Brunch at the Holy Grail is served until 4 p.m. on both Saturday and Sunday, which is extremely convenient for busy schedulers and late risers who can't always get to an Eggs Benedict before 2 p.m. on a Sunday. For Dallasites, it is well worth the drive. For Planoites, well, count your freaking blessings and light a candle for the Holy Mother, because as far as I can tell, the Holy Grail is the best, if not the only, thing going for you. And I say that out of love, Plano. It's all love.

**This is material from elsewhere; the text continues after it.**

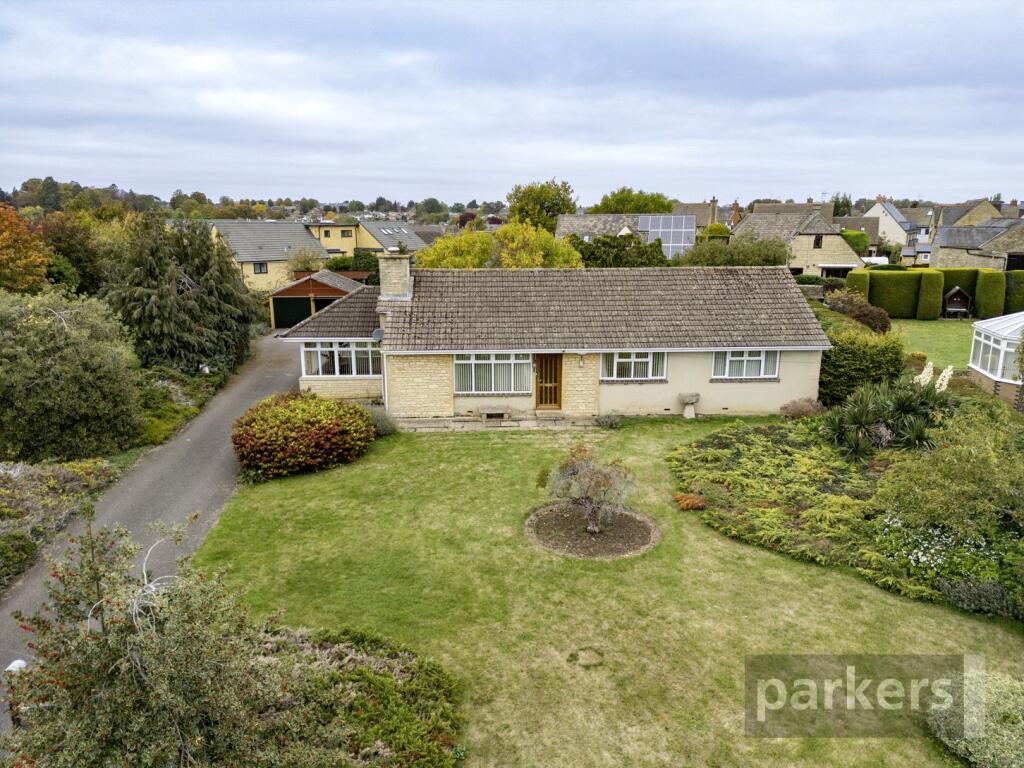 Main image of property: Saxon Way, Witney, Oxfordshire, OX28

All hail the Grail's Eggs Benedict.

I usually start with a Bloody Mary rundown, but that's going to have to wait for now. We're doing the Benediction first, as it were. Because the Holy Grail's Eggs Benedict were some of the finest I've had. Fluffy poached eggs sat atop thick but supple slices of ham and buttermilk biscuits, topped with what has thus far been the best Hollandaise sauce in all the kingdom. Thick and buttery, the Holy Hollandaise stuck to egg, biscuit and ham in equal measure, never jaunting across the plate in search of escape. All too often, Hollandaise disappears into the Benedict's more flavorful elements, but not this time.

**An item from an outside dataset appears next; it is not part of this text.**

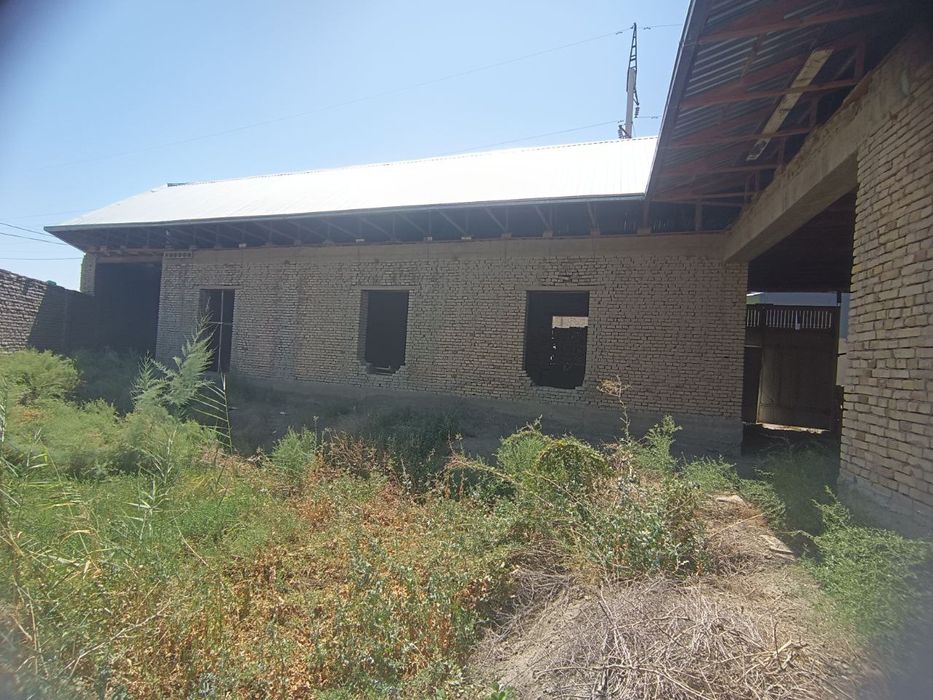 Uy sotiladi İpodrom bozori ketaverishda taxta bazani oldida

Man O' The Hour ordered the brisket and hash, a pile of tender beef topped with a couple evenly fried, spiced eggs and cubed taters with onion and pepper on the side. Certainly the flavorful potatoes at Holy Grail could teach Mextopia's bland side dish a thing or two--who'da thought, a Euro-pub that does spicy potatoes better than one of Dallas' most storied Tex Mex families?

Bow before the Holy brisket and hash.

The brunch menu is limited--in addition to the brisket and the Benedict, the Holy Grail offers a couple more traditional American breakfast plates--biscuits, bacon, you get the drift. But the full bar menu is also available, and we have it on good authority that their burger is heavenly. Prices are more than reasonable--brunch items were $10 or less.

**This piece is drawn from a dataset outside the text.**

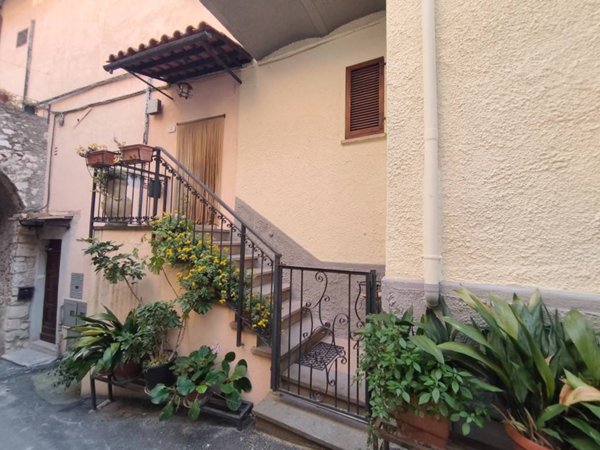 casa indipendente in vendita a Terni in zona Rivo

But the main thing to remember, when ordering, is to opt for the custom Bloody Mary, rather than the bar-made one. Our first Bloodys were fine--though not made of Zing Zang, and a little sweet rather than spicy--but at $5.50, reasonably priced. On the second try, we went for the custom option. The Holy Grail provides the vodka and tomato juice, leaving a spice rack of Tabasco, onion powder, celery salt and pepper for diners who'd like to mix their own Mary. I could complain some--it'd be nice to see horseradish and Worcestershire added to the spice rack, along with more garnish than just a lemon and a lime slice--but the opportunity to build a personalized drink is always appreciated. I got to load my Mary up with onion powder, which I verily love.

Between a customized Bloody Mary and one of the best Benedict plates ever, I now consider myself a worshipful follower of the Holy Grail. Amen.